4. Amenhotep III of Egypt
Amenhotep III AKA Amenhotep the Magnificent was the ninth pharaoh of the eighteenth Dynasty. He had a lengthy reign, which had unprecedented prosperity and artistic splendour when Egypt reached the peak of its cultural and international power. His monarchy is also remembered to be peaceful.
5. Thutmose III
Thutmose III was the sixth pharaoh of the Eighteenth Dynasty. He ruled Egypt for approximately 54 years from around April 28 129 BC to march 11, 1425 BC. He is remembered for creating the most extensive empire Egypt ever; more than 17 campaigns were conducted, and he expanded territories by conquering lands from the Niya Kingdom in the north of Syria to the Fourth Cataract of the Nile in Nubia.
6. Ezana of Axum
Ezana was the ruler of the Axum Kingdom, presently Eritrea and the Tigray region of northern Ethiopia, from 320s to c 360 AD. He is famously known as the conqueror of the Kingdom of Kush.
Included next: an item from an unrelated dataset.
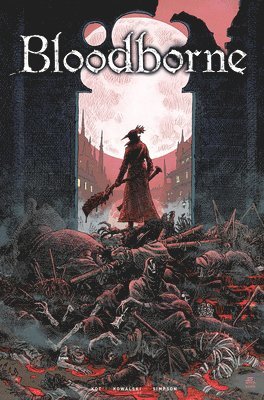 bokomslag Bloodborne Collection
He also launched several campaigns as recorded in his inscriptions.
7. Ewuare the Great
Ewuare was the Oba (king) of the Benin Kingdom from 1440 to 1473. He overthrew his brother Uwaifiokun from the throne in a coup that destroyed much of Benin City. Due to his prowess in war, he is considered one of the most powerful kings of Africa.
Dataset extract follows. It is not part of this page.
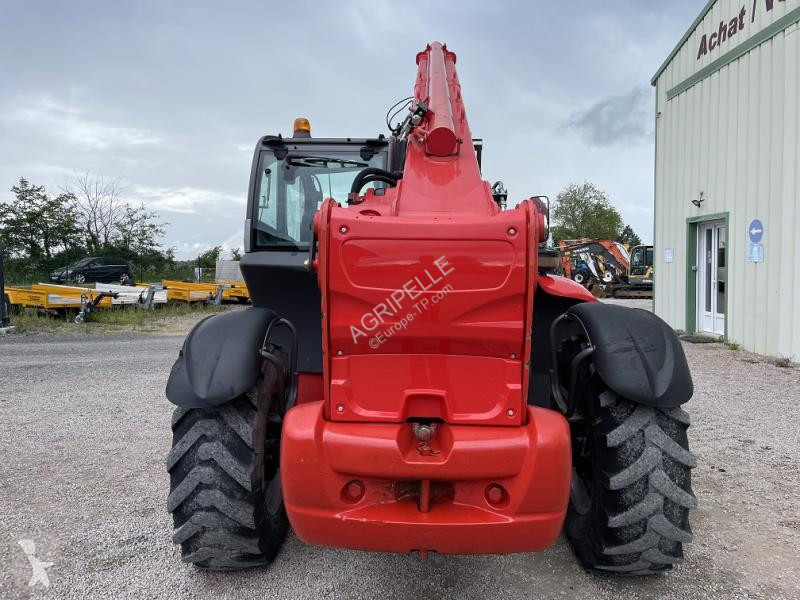 Manitou  Teleskoplader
After the war, Ewuare rebuilt much of the city of Benin, reformed political structures in the kingdom, greatly expanded the territory of the kingdom, and fostered arts and festivals. He left a significant legacy and is often considered the first King of the Benin Empire. Furthermore, he greatly expanded the kingdom and took over a considerable territory.
8. Sonni Ali
Also known as Sunni Ali Ber, he was born in Ali Kolon. Ruling from about 1464 to 1492, Sunni Ali was the first king of the Songhai Empire, located in Africa, and the 15th ruler of the Sunni dynasty. Under his rule, many cities such as Timbuktu and Djenne were captured and fortified. During his administration, Songhai's height surpassed that of the Mali Empire. He died in 1492 after drowning in the Niger River.
9. Osei Tutu Kofi I
Osei Tutu was one of the founders of the Ashanti Empire, an Akan ethnic group in West Africa, with the help of his chief priest, Okomfo Anokye. Osei Tutu led an alliance of Asante states against the regional hegemon, the Denkyira, ultimately defeating them. Then, through force of arms and diplomacy, he induced the rulers of the other Asante city-states to declare allegiance to Kumasi, his capital. Throughout his reign, he was politically advised by Anokye, a cleric whose spiritual authority over the people aided in his founding of the empire.
10. Oba Oduduwa
Oduduwa was a Yoruba divine king remembered as one of the great African warriors. According to tradition, he was the holder of the title of the Ooni of Ile-Ife, the Yoruba holy city. Presently he is remembered as the hero, the warrior, the leader, and the father of the Yoruba race. Through a war lasting many years, Oduduwa was able to defeat the forces of the 13 indigenous communities of Ife led by Obatala, and he formed these communities into a single Ife unit.
So there you have it, a list of the topmost influential ancient African leaders. There are still kingdoms that have maintained their leaders and cultures up to date.